Task instructions:
Working from the entries that follow, transcribe exactly and only the lines from the one with "El partido de" through the last, pictures excluded.

Records for processing:
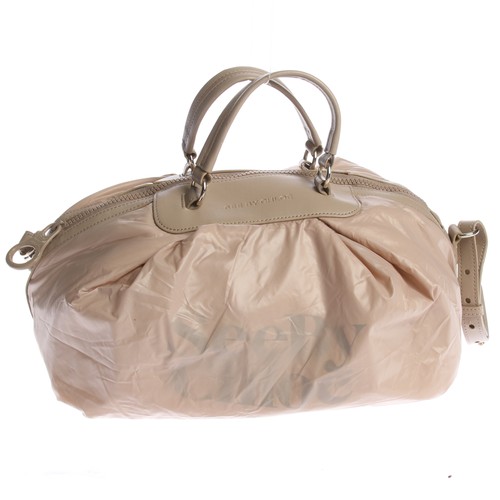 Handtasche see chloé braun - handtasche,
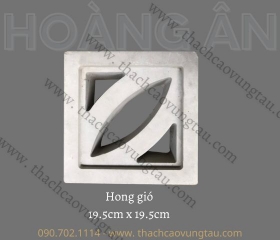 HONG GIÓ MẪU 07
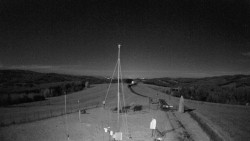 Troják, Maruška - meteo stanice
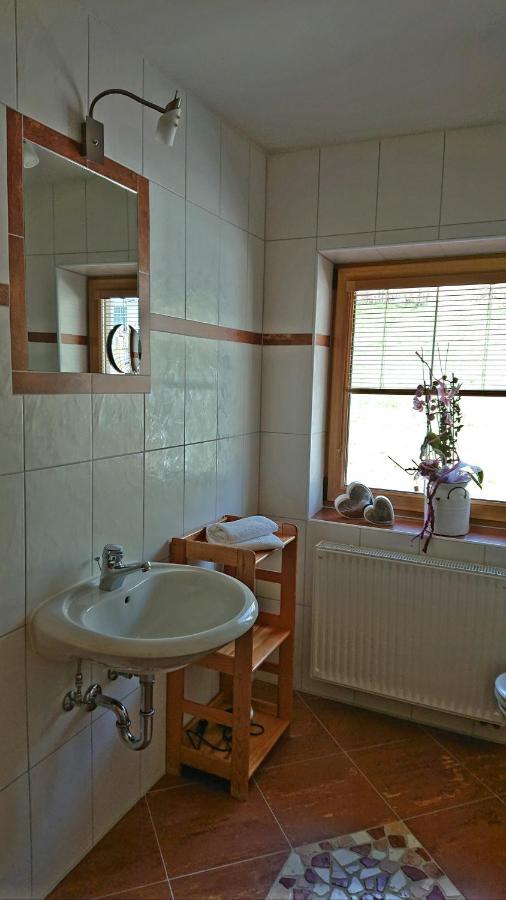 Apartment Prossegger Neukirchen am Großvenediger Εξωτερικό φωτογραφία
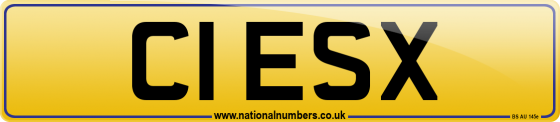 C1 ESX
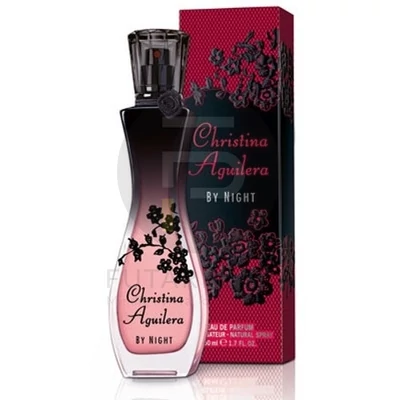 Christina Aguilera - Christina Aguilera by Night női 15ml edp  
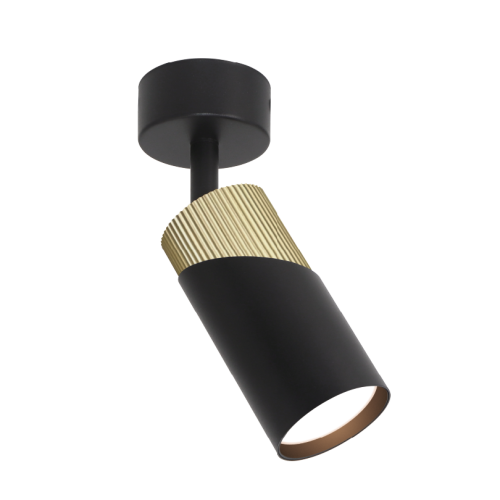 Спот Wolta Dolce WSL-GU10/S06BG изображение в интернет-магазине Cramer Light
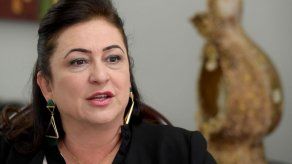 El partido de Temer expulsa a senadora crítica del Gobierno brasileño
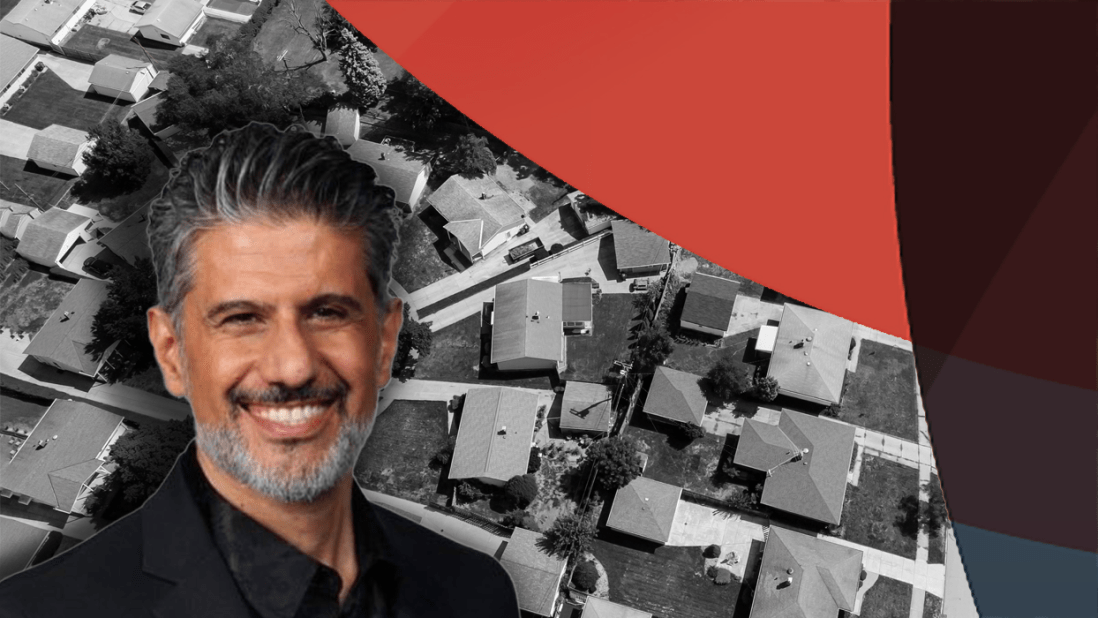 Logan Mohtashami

Answer box:
 El partido de Temer expulsa a senadora crítica del Gobierno brasileño
 Logan Mohtashami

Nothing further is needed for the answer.